U.S. and France agree on ‘concrete steps’ against ISIS
The defense ministers of France and the United States agreed Sunday on “concrete steps” to intensify cooperation against the Islamic State group, the Pentagon said.
U.S. Defense Secretary Ashton Carter and French Defense Minister Jean-Yves Le Drian discussed by telephone the actions they are taking in response to Friday’s terrorist attacks in Paris that killed at least 129 people.
“They agreed on concrete steps the US and French militaries should take to further intensify our close cooperation in prosecuting a sustained campaign against ISIL,” Pentagon press secretary Peter Cook said.
“Secretary Carter reiterated the firm commitment of the United States to support France and move together to ensure ISIL is dealt a lasting defeat,” he said.
The statement provided no details on the measures to be taken. But U.S. officials said they would build on coordination already being handled by a French two-star general at the US Central Command, which oversees U.S. military operations in the Middle East.

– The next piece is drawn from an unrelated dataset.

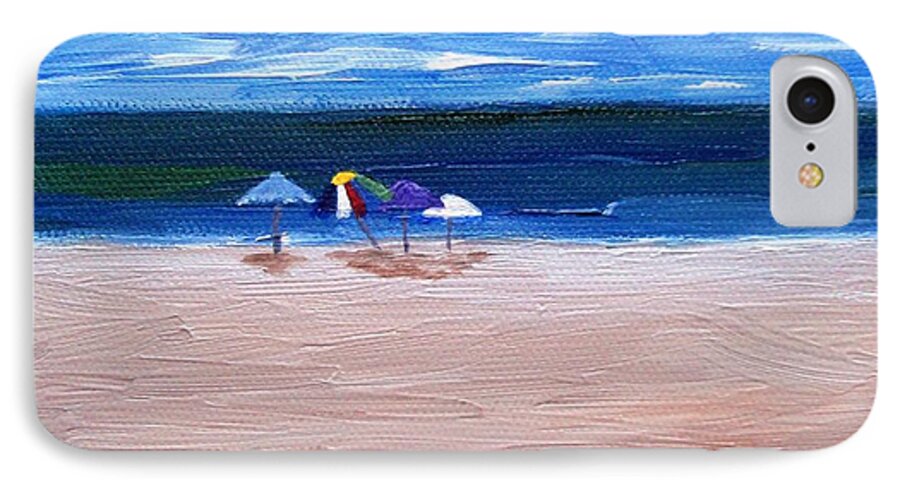 Beach iPhone 7 Case featuring the painting Beach Umbrellas by Jamie Frier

France already takes part in a US-led campaign of air strikes against Islamic State strongholds in Syria and Iraq.
The U.S. deputy national security adviser, Ben Rhodes, said the United States and France also will be intensifying intelligence sharing.
The international response to the attacks was the focus of a summit in Turkey Sunday that includes U.S. President Barack Obama, who vowed that the United States would stand by France and “redouble” efforts against IS.
If France invokes Article V of the NATO treaty, which states that an attack on one member is an attack on all, the United States would “absolutely” support it, Rhodes said on CNN’s State of the Union.